The principle I work by: AI is a fast junior engineer who can do the mechanical splitting and renaming quickly, but a human reviews every diff, and nothing reaches a real host without check-mode proving behavior is unchanged.

Why roles rot

Roles grow by accretion. Someone needs “just one more task,” the tasks/main.yml grows, variables get added to defaults/ without documentation, and handlers/ accumulate notify chains nobody fully understands. Eventually you have a role that works but can’t be reasoned about. Refactoring it is high-value and high-risk — the kind of work that gets perpetually deferred.

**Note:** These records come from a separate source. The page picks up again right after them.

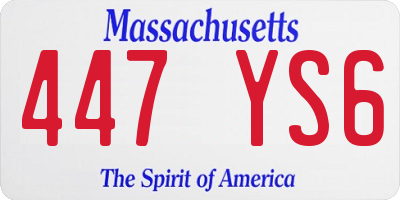 MA license plate 447YS6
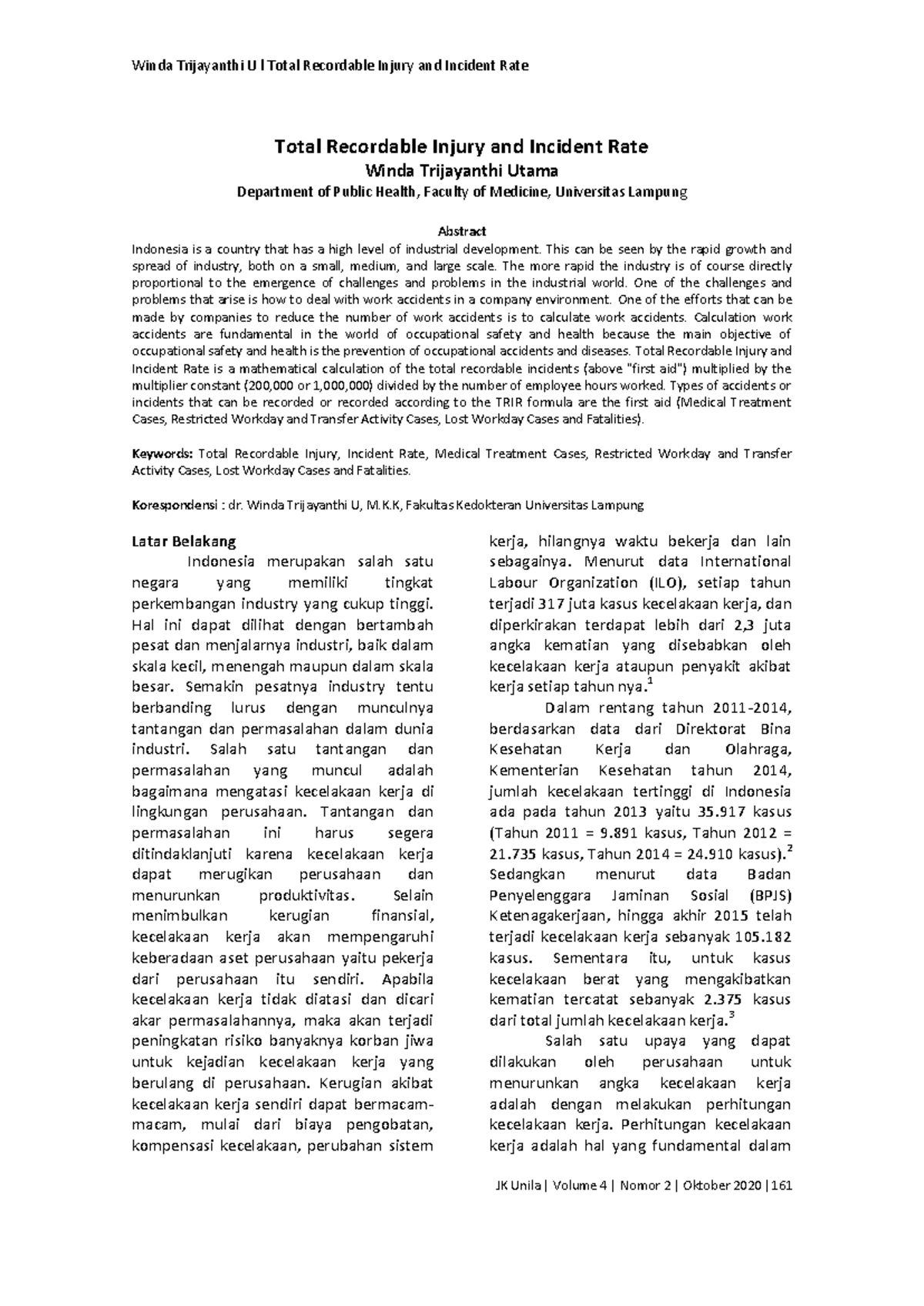 TRIR and Incident Rate Analysis in Occupational Safety (K3) - Studocu
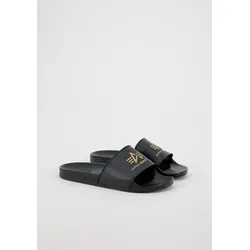 Badeschuh ALPHA INDUSTRIES "Alpha Industries Accessoires - Beachwear Alpha Slider", Herren, Gr. 38, schwarz (schwarz, gelb gold), Schuhe Badelatschen Pantolette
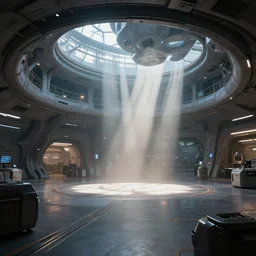 wide shot, interior of an alien spaceship, futuristic, hyperrealism, crepuscular rays, ray tracing, by alphosne mucha adolf hiremy hirschl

Start by asking AI to map the role, not change it

Before any refactor, I ask AI to build me a behavioral inventory. The prompt:

“Read this Ansible role. List every distinct responsibility it has, the variables each task depends on, the handlers it notifies, and any task that touches something outside the role’s stated purpose. Don’t suggest changes yet.”

This surfaces the surprises. In my webserver example, the AI immediately flagged the queue-worker restart as out of scope — exactly the landmine I’d forgotten. Getting that map before touching code is the whole game.

Split responsibilities into focused roles

Once I have the map, I split. AI is fast at the mechanical part: moving tasks into new role skeletons and wiring up the variable references. A monolithic tasks/main.yml becomes a clean dispatcher:

# roles/webserver/tasks/main.yml
- name: "Install and configure nginx"
  ansible.builtin.import_tasks: nginx.yml

- name: "Manage TLS certificates"
  ansible.builtin.import_tasks: tls.yml

- name: "Configure log rotation"
  ansible.builtin.import_tasks: logrotate.yml

Or, better still, genuinely separate roles with a meta/main.yml declaring dependencies:

# roles/webserver/meta/main.yml
dependencies:
  - role: tls_certs
    vars:
      cert_domains: "{{ webserver_domains }}"

The AI proposes the split; I decide where the real seams are. It doesn’t know that tls_certs is reused by three other roles in our org — I do, so I steer it toward extraction rather than duplication.

Modernize the syntax while you’re in there

Refactors are a good moment to fix deprecated patterns, and AI is excellent at this because it’s pure pattern translation. Old-style bare module names and with_items get modernized:

# Before
- name: install packages
  yum: name={{ item }} state=present
  with_items:
    - nginx
    - certbot

# After
- name: "Install web packages"
  ansible.builtin.package:
    name:
      - nginx
      - certbot
    state: present

I switched yum to the generic package module here, used the FQCN, gave the task a proper capitalized name, and collapsed the loop into the module’s native list support — which is also faster because it’s one transaction instead of N. AI proposes all of that in one pass; I confirm package is appropriate for the target distros.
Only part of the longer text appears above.